While you don’t want your child to feel bad about who she is, which is shaming, nor do you want her to feel responsible for things outside her control, which can induce anxiety, reflecting on what he or she has done wrong and how your child’s actions have affected another person will help a child learn from his errors and motivate him to rectify the situation.


Unlike the more primal emotions like sadness, fear, and anger, guilt emerges a little later in life, as a child begins to grasp social and moral norms. Children aren’t born knowing how to say “I’m sorry,” researchers at the University of Virginia found. Rather they learn over time that saying “I’m sorry,” appeases parents, peers and even their own consciences.


Of course, a child’s age and disposition need to be taken into account. Some kids are more guilt prone than others and may require a gentler touch. The point in encouraging kids to reflect on the consequences of their actions is to encourage self-motivated goodness. Here’s how.


1.    Connect the dots between cause and effect.

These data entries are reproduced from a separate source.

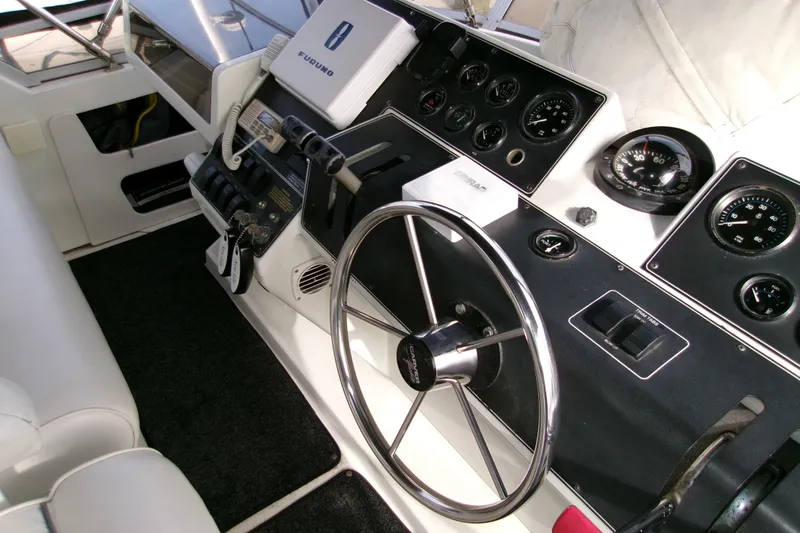 Slide: The Image of 1995 Carver 355 Aft Cabin Motor Yacht helm with steering wheel and navigation instruments. - 30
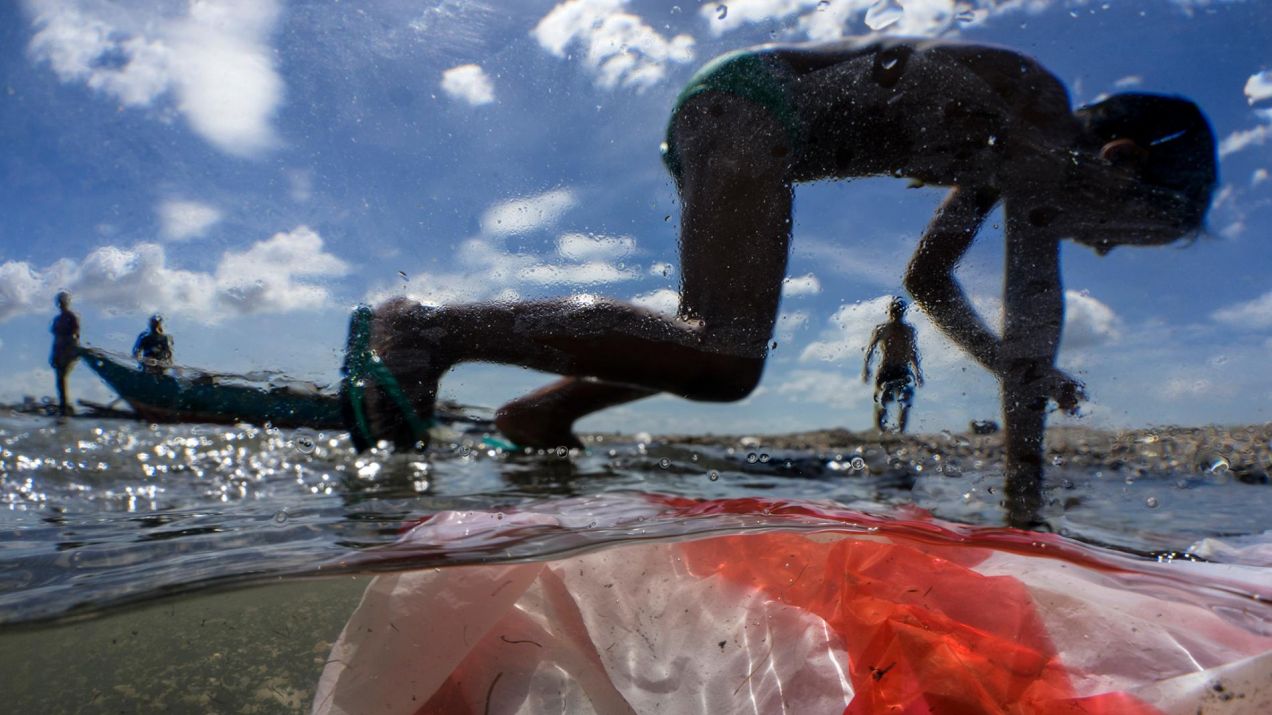 Dzieci bawią się nad brzegiem Zatoki Manilskiej, zanieczyszczonej odpadami (Photograph by Randy Olson, Nat Geo Image Collection)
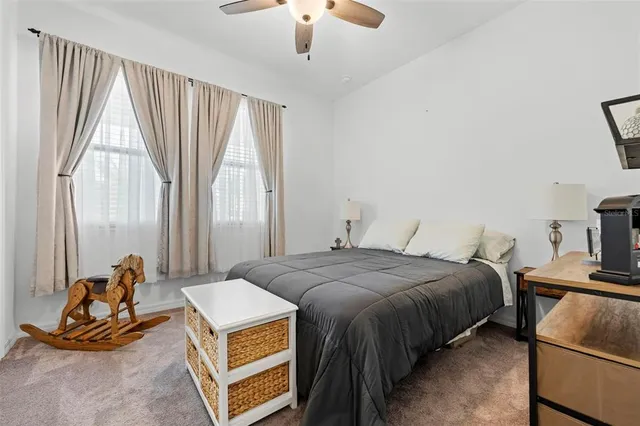 a bedroom with a bed and cabinets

Proper guilting connects the dots between your child’s actions and his consequences. It’s important to focus on the action and ways to repair the damage incurred without making him feel bad about who he is. “Look, your friend is crying because you took his toy,” you might say. “Can you give it back to him?” More likely than not, you may already be guilting your child the right way. But covering up a child’s wrong without giving him the proper chance to reflect on what he has done will lessen his motivation in the future to avoid improper behavior.

2.    Express disapproval in a warm and loving way. A parent who seems to reject not only the behavior but the child can induce anxiety in that child. This will do nothing to encourage healthy behavior. You want your child to remember the lesson and ways to repair the problem, not how horrible he feels about himself. So it’s also important not to chastise your child in front of other people. Pull him aside or be discreet if possible so he isn’t distracted about feeling embarrassed.

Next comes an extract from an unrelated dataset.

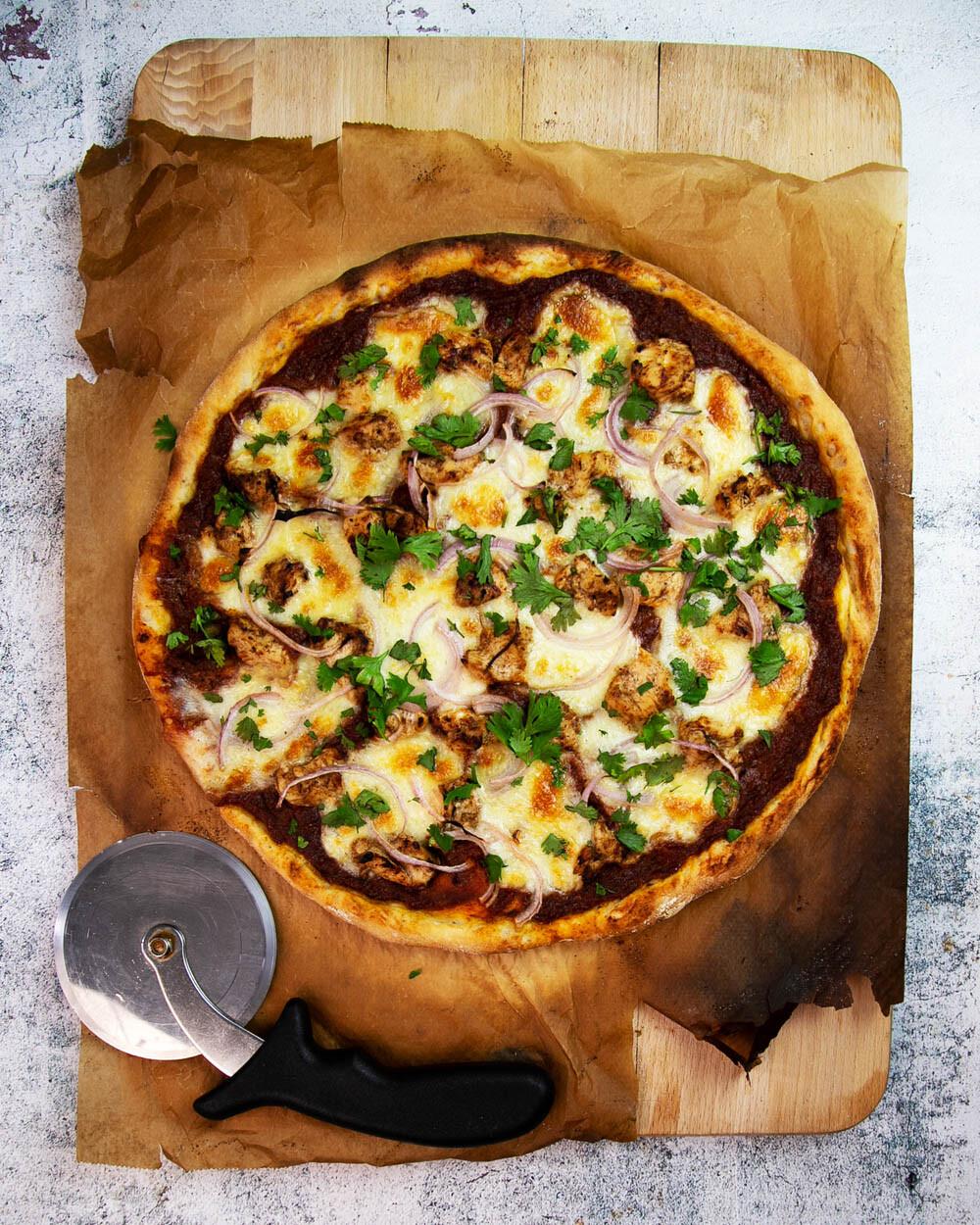 Chicken Korma Pizza Bianco on a wooden pizza peel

3.    Make the repair part a discussion. Forcing behavior without taking the time to properly explain why his behavior was wrong may prevent your child from reflecting on the lesson you’re trying to teach him. One way to get him to internalize what’s happened is through discussion, but only once everyone’s had a chance to calm down. Talking in the heat of the moment is never a good idea. And some space before discussing a wrong may also work in helping kids gain better perspective on why they should avoid damaging behavior in the future.